Microsoft laid off its entire ethics and society team within the artificial intelligence organization as part of recent layoffs that affected 10,000 employees across the company, Platformer has learned.  The move leaves Microsoft without a dedicated team to ensure its AI principles are closely tied to product design at a time when the company is leading the charge to make AI tools available to the mainstream, current and former employees said. Oh so that’s totally not worrying at all or anything.

OpenAI announces GPT-4

We’ve created GPT-4, the latest milestone in OpenAI’s effort in scaling up deep learning. GPT-4 is a large multimodal model (accepting image and text inputs, emitting text outputs) that, while less capable than humans in many real-world scenarios, exhibits human-level performance on various professional and academic benchmarks. For example, it passes a simulated bar exam with a score around the top 10% of test takers; in contrast, GPT-3.5’s score was around the bottom 10%. We’ve spent 6 months iteratively aligning GPT-4 using lessons from our adversarial testing program as well as ChatGPT, resulting in our best-ever results (though far from perfect) on factuality, steerability, and refusing to go outside of guardrails. “Artificial intelligence” companies are iterating quickly now. I’m definitely looking forward to the new memes based on GPT-4.

Docker is deleting open source organisations – what you need to know

Coming up with a title that explains the full story here was difficult, so I’m going to try to explain quickly. Yesterday, Docker sent an email to all Docker Hub users explaining that anyone who has created an “organisation” will have their account deleted including all images, if they do not upgrade to a paid team plan. The email contained a link to a tersely written PDF (since, silently edited) which was missing many important details which caused significant anxiety and additional work for open source maintainers. What a shitshow. We really have to start worrying about the future of Github, too, since I find it highly unlikely Microsoft isn’t planning similar moves in the future. If you’re hosting code at Github, I’d suggest looking at alternatives sooner rather than later, so you don’t end up like the people affected by something like this.

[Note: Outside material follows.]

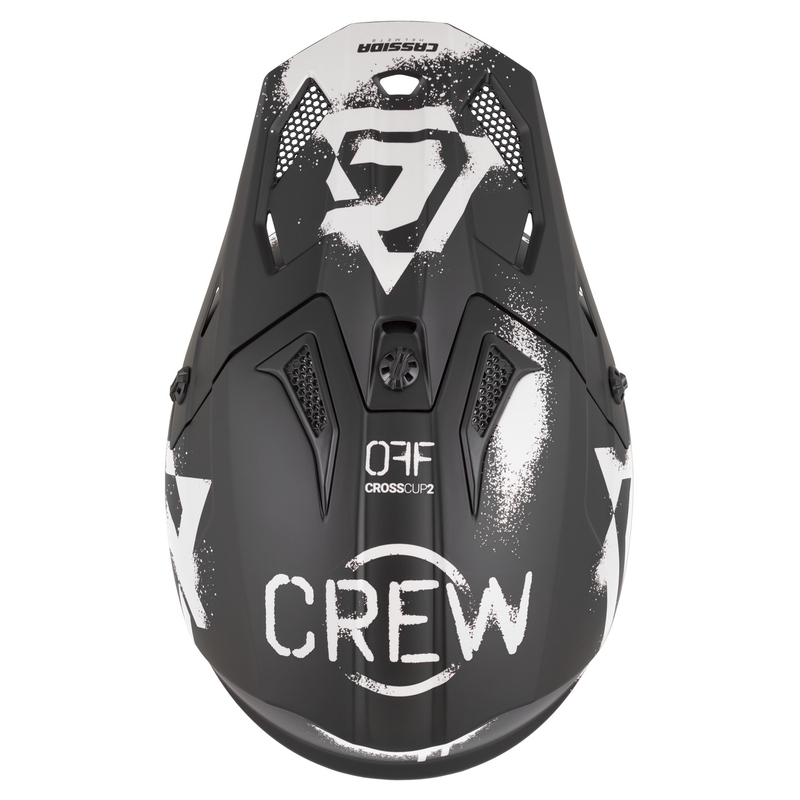 Cassida Cross Cup 2 Crew motoristična čelada za motokros, mat črno-bela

Apple, Foxconn convince Indian state to loosen labor laws

Apple and its manufacturing partner Foxconn were among the companies behind a landmark liberalization of labor laws in the Indian state of Karnataka last month, according to three people familiar with the matter. Their successful lobbying for new legislation means two-shift production can take place in India, akin to the two companies’ practices in China, their primary manufacturing base. The law gives the southern state one of the most flexible working regimes in India as the country aims to become an alternative manufacturing base to China. “We do the right thing, even when it’s not easy.”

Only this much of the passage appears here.